The genus Protorosaurus is of peculiar interest, as one of the first, if not the first, known fossil reptiles, described by Spener as long ago as 1710 as a crocodile, from fragmentary remains found in 1706 in the Permian deposits of Thuringia. Numerous other skeletons or parts of skeletons attracted the attention of naturalists of the eighteenth century, but were very imperfectly described. No name was given to the animal represented by the various specimens until 1840, when Herman von Meyer restudied all the known material and described it under the name Protorosaurus speneri. The position of the genus among reptiles always has been and yet is uncertain, for the reason that the structure of the skull, and especially the structure of the temporal region, has never been satisfactorily determined. Seeley, in 1887, described more fully the original specimen of Spener, now preserved in the museum of the College of Surgeons of London, and because of certain peculiarities which it showed proposed for its reception the order Protorosauria. He thought that he detected an upper temporal vacuity, like that of lizards, but was very uncertain about the structure of the lower part of the temporal region. The writer, who has examined this type specimen, must admit that the structure of the region here is very doubtful. Under the general assumption, however, that all old reptiles must be related to Sphenodon, the Protorosauria have generally been classified as a suborder of the Rhynchocephalia. It is merely another instance of the proclivity we all have to propose hypotheses, and then, speedily forgetting that they are hypotheses, to accept them as facts.

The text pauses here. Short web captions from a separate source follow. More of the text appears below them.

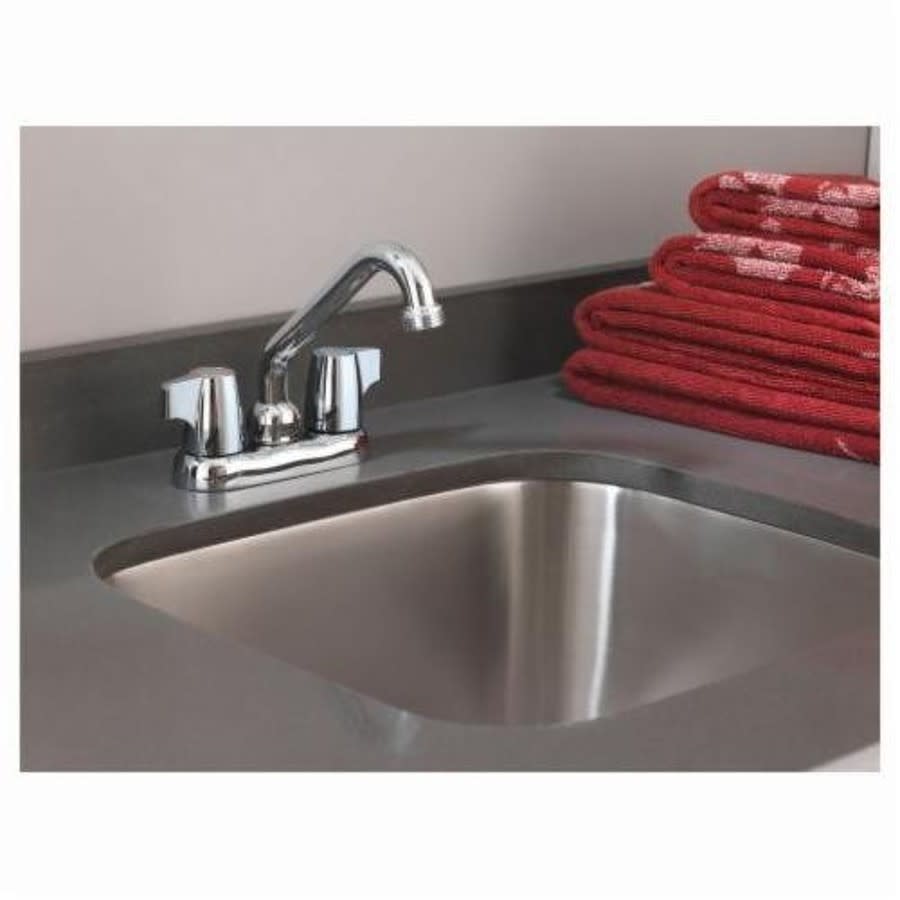 Chateau® Laundry Faucet, Deck Mount, ADA, Wing Handle, Polished Chrome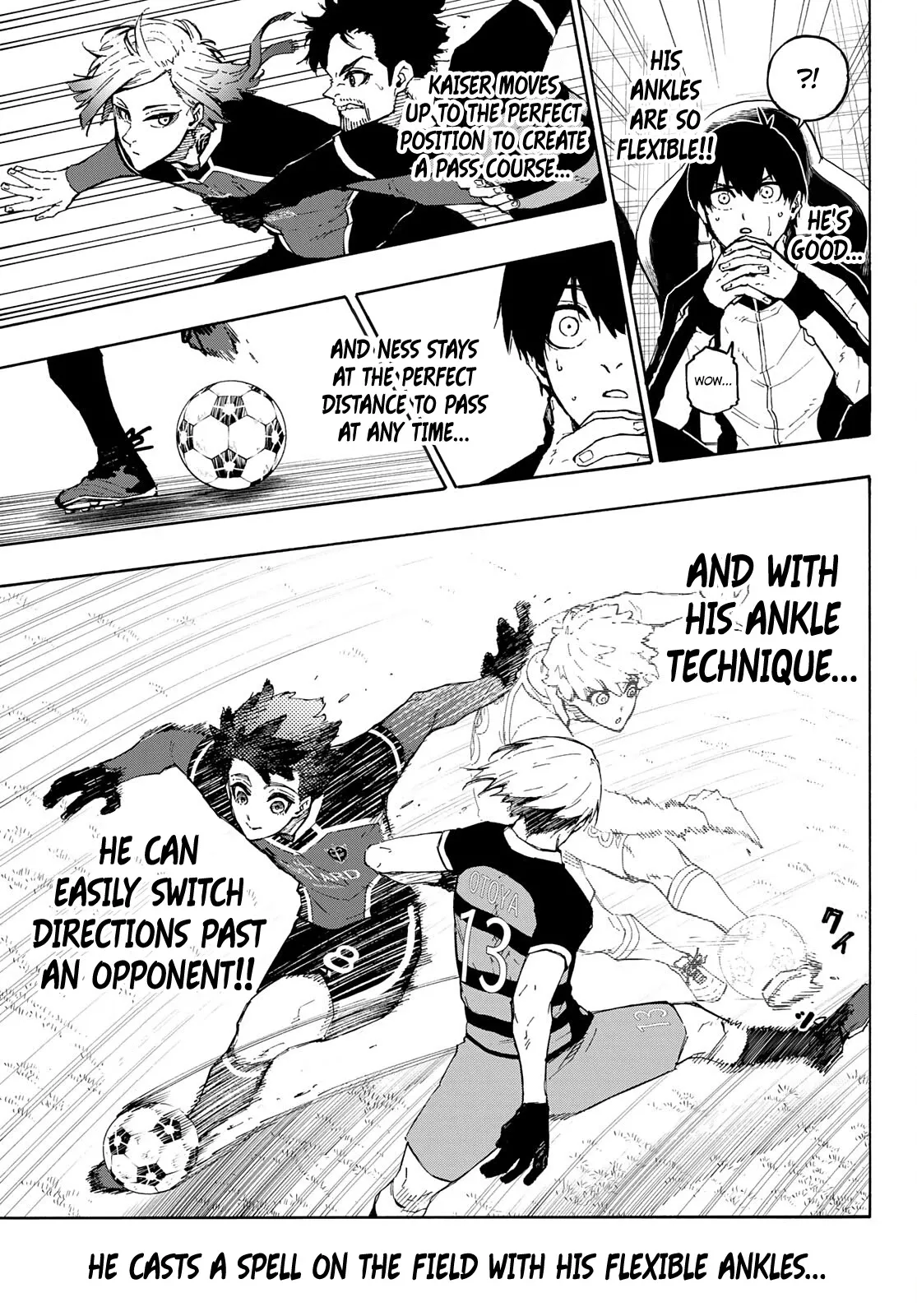 Blue Lock, chapter 162, image 4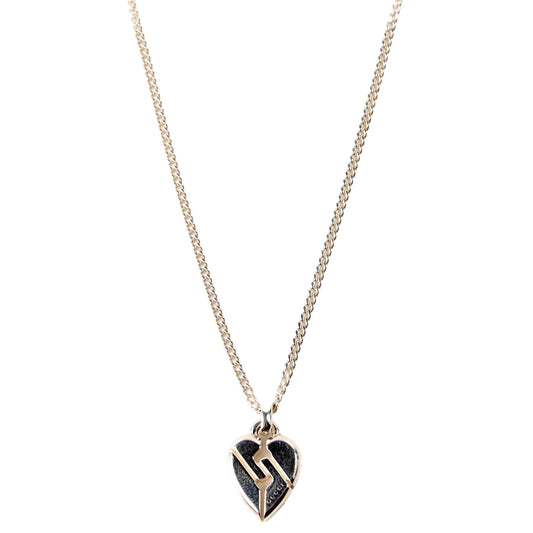 Gucci Heart Pendant Necklace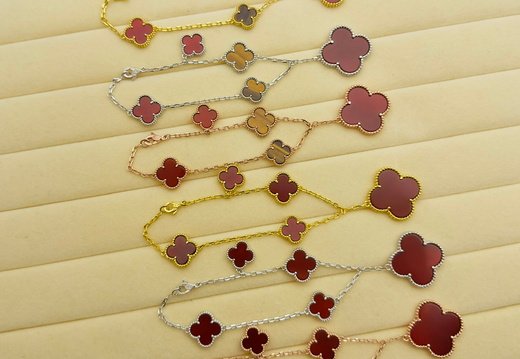 Chain Bracelet Van Clef 0027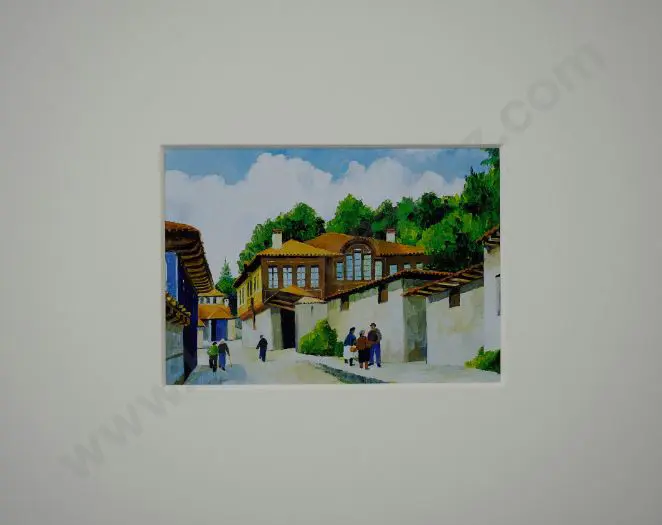 ESPLIN, Tom (1915-2005) - Koprivstiza, Bulgaria Image 1++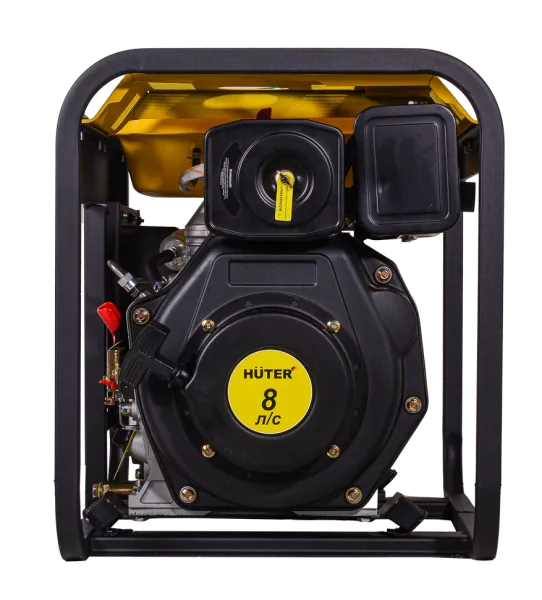 Электрогенератор дизельный LDG 5000L Huter
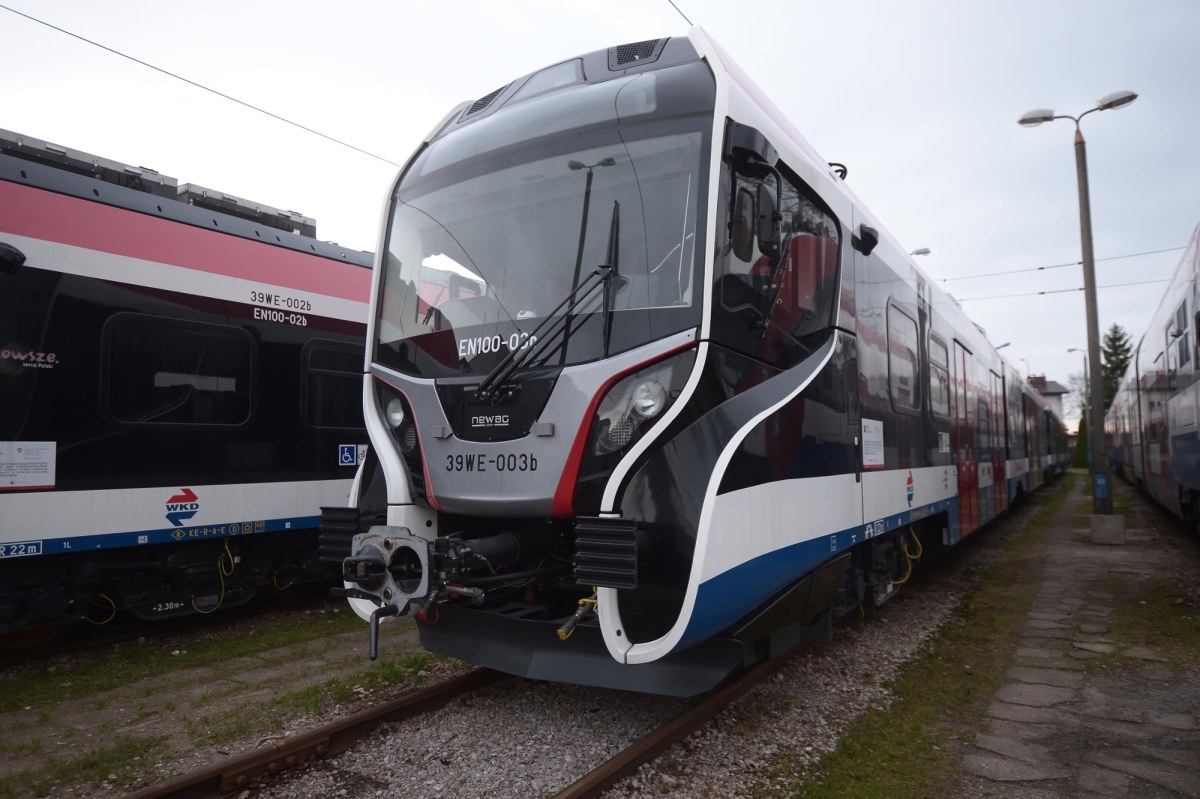 ​Rozpoczyna się remont na trasie Warszawskiej Kolei Dojazdowej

Protorosaurus was long supposed to be an aquatic reptile, but we now know that it was a strictly terrestrial one, probably with climbing habits; and the genus concerns us only by reason of its possible relationships to distinctly aquatic reptiles of a later age.

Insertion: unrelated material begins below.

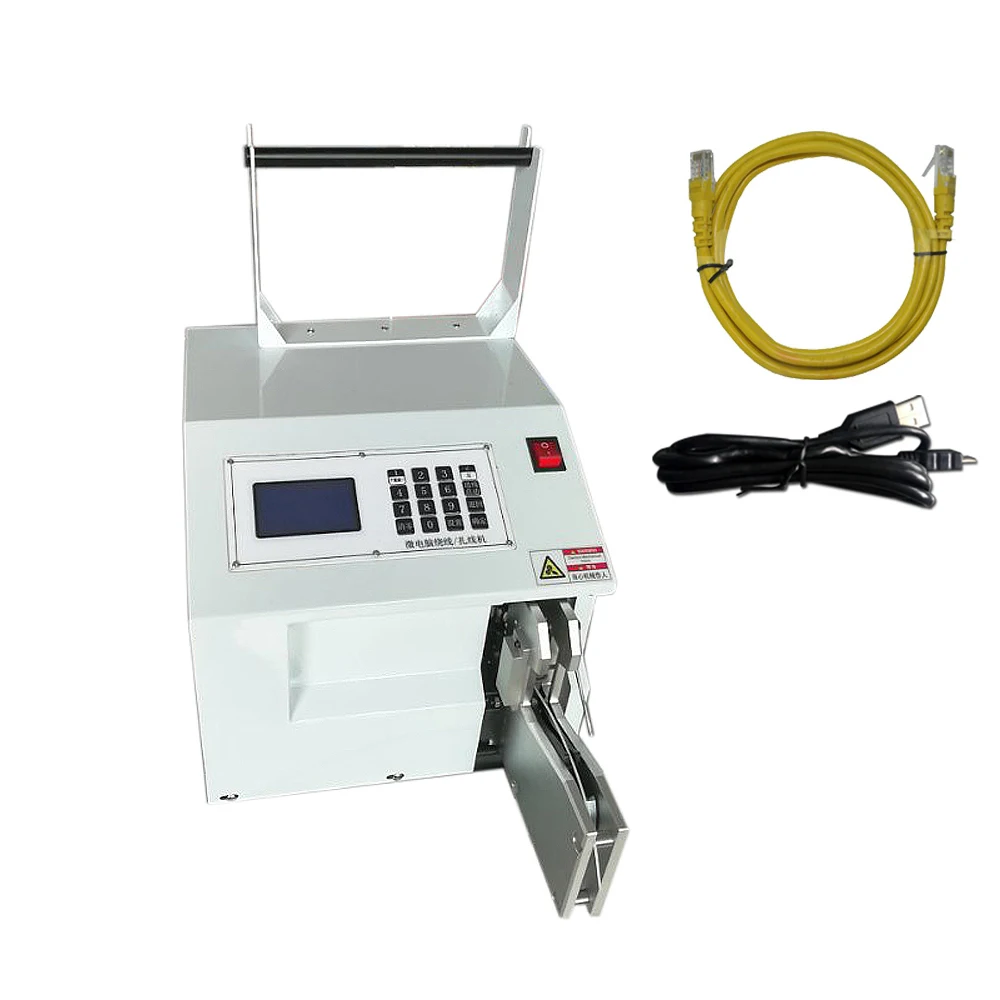 

Semi-automatic Flexibility Cable Winding And Tying Machine cable tie tying machine 5-35mm binding machine
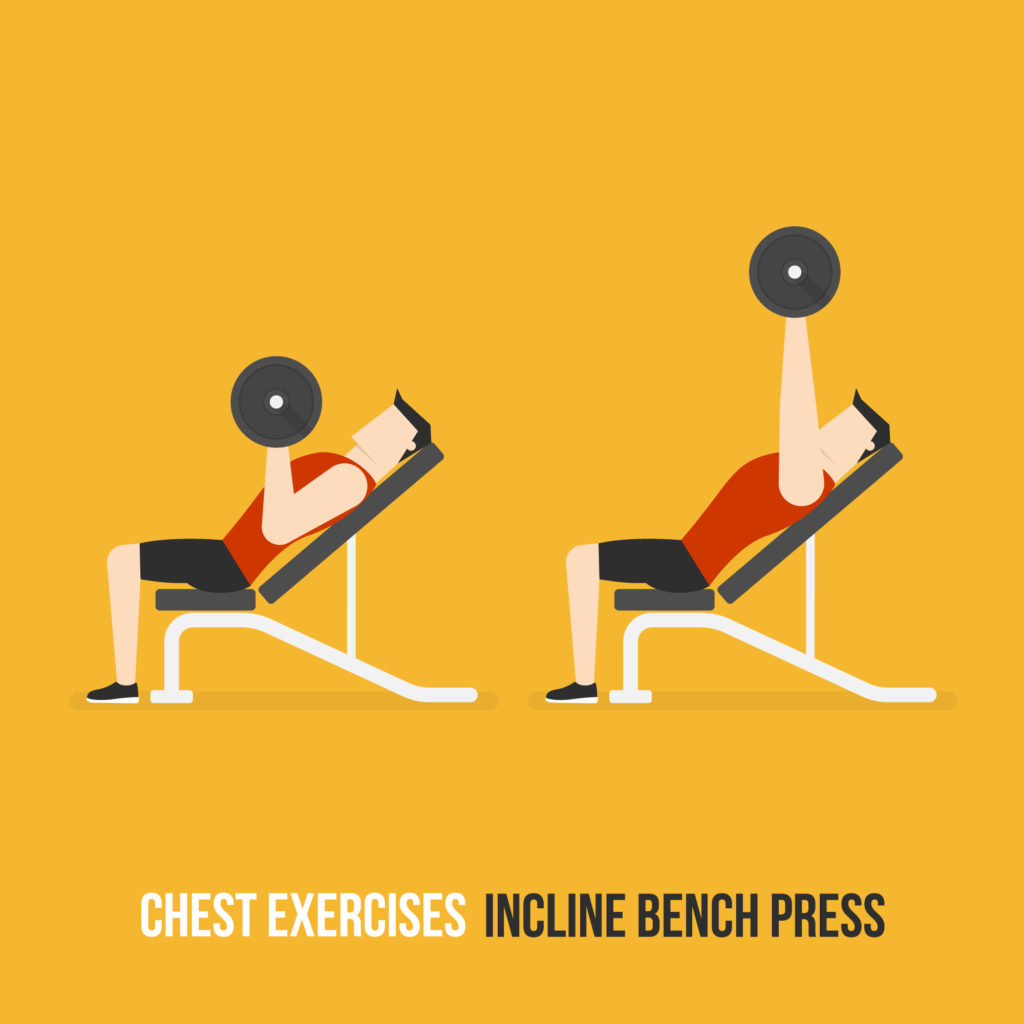 Incline Chest Exercises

Fig. 62.—Life restoration of Araeoscelis.

A few years ago the writer described a very slender, lizard-like reptile about two feet in length from the Permian of Texas under the name Araeoscelis, so named because of its slender legs. The structure of both the skull and the skeleton of this reptile is now quite satisfactorily known, so well known indeed that the accompanying restoration ([Fig. 62]) has little that is conjectural about it, at least so far as the form is concerned. The skull has a single, upper temporal opening, quite like that of lizards, but the quadrate is not loose below. And this is really what we should expect in the ancestral lizards; and everything else of the skeleton, except perhaps one character, is what would be expected. That one character is the elongation of the cervical vertebrae, which are about twice the length of the dorsal vertebrae following them. The cervical ribs are very slender bones, articulating by a single head with the centrum only. In these and other characters, so far as they are known, Araeoscelis seems to agree with Protorosaurus, and both have very hollow bones.

Fig. 63.—Skeleton of Pleurosaurus.
(After Lortet)

PLEUROSAURUS

We may for the present be justified in maintaining the order Protorosauria for those reptiles having a single, typically upper temporal opening on each side, with a fixed quadrate, not including the ichthyosaurs. It is not improbable, however, that when more is known of the ancestors of the lizards, the whole group will find its most natural place among the Squamata. This definition will include a peculiar aquatic reptile that has been known for many years, but which has been wrongly classed in the same family as Sphenodon, on the purely gratuitous assumption that it has two temporal openings on each side; we now know that it has but one. This reptile, known scientifically as Pleurosaurus, was described originally by H. von Meyer in 1843, but we are indebted to M. Lortet for a more precise knowledge of the animal, and for the figure ([Fig. 63]) which is here given of the skeleton. Not a few excellent skeletons are preserved in the museums at Lyons and Munich. The specimen here figured, as actually preserved, measures about three feet in length; a part of the tail is missing, which is known from other specimens to have been remarkably long.